State authorities deployed police and paramilitary troops and banned the assembly of more than five people in areas where attacks were reported. Police said at least one mosque, several shops and homes belonging to Muslims in the northern part of the state had been vandalized since Tuesday. No deaths have been reported.
“Some troublemakers are hellbent on disturbing peace and communal harmony in Tripura,” said Senior Police Officer Bhanupada Chakraborty, adding that the situation was under control.
Muslim leaders said that Hindu mobs attacked mosques and torched their properties following a protest rally Tuesday by the Vishwa Hindu Parishad, or VHP, a hard-line Hindu nationalist group with ties to Prime Minister Narendra Modi’s Bharatiya Janata Party. It is not known if the attackers were members of the VHP.
Vinod Bansal, the VHP’s national spokesperson, denied that its members were involved in the attacks.
“We did not attack anyone.

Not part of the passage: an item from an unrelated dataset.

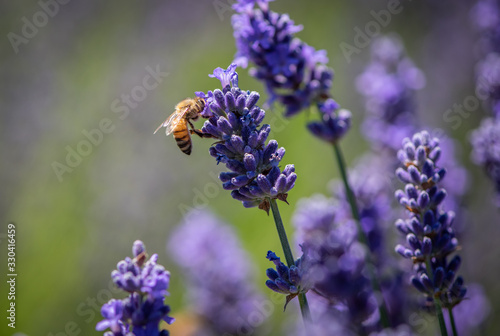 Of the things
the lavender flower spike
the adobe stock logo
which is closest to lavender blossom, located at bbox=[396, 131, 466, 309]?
the lavender flower spike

We were peacefully protesting against anti-Hindu attacks in Bangladesh,” he said.
In Bangladesh, at least six Hindus were killed and hundreds of houses and businesses torched on Oct. 13 after an image posted on social media was perceived as insulting to the country’s Muslim majority. The violence also led to demonstrations in India.

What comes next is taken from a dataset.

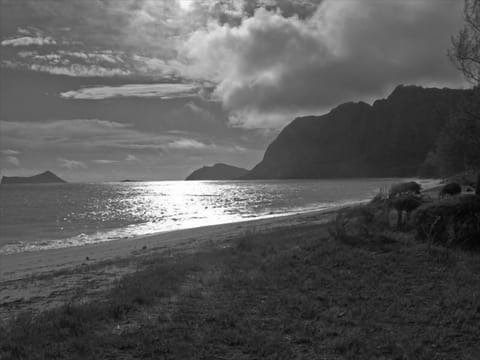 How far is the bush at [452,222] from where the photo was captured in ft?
38.1

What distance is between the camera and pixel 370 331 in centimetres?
637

The Bangladeshi government was swift in its response after Prime Minister Sheikh Hasina vowed to “hunt down” the attackers. It has so far arrested around 300 people.
Chakraborty said police in Tripura have registered cases following the attacks but did not specify against whom. No arrests have been made so far.
Vinod Sonkar, a lawmaker from Modi’s party that rules Tripura state, said the government has set up a committee to investigate the violence.
Tripura borders Bangladesh and Muslims make up less than 9% of the state’s nearly 4 million population.
Mohammad Salam, a Muslim cleric in Panisagar town in northern Tripura, said hundreds of VHP members chanting anti-Muslim slogans stormed a mosque on Tuesday and ransacked it. He said they also burnt several Muslim properties.
“We are living in fear since then,” Salam said.
The fresh attacks are a jarring reminder of the rising religious tensions in India.
“There is a fear psychosis among the Muslims in Tripura after the incidents,” said Islamuddin, a Muslim opposition lawmaker from Tripura who goes by one name. “The state authorities could have reacted a little more faster to control the situation.”
On Thursday, the country’s main opposition Congress party leader Rahul Gandhi condemned the attacks.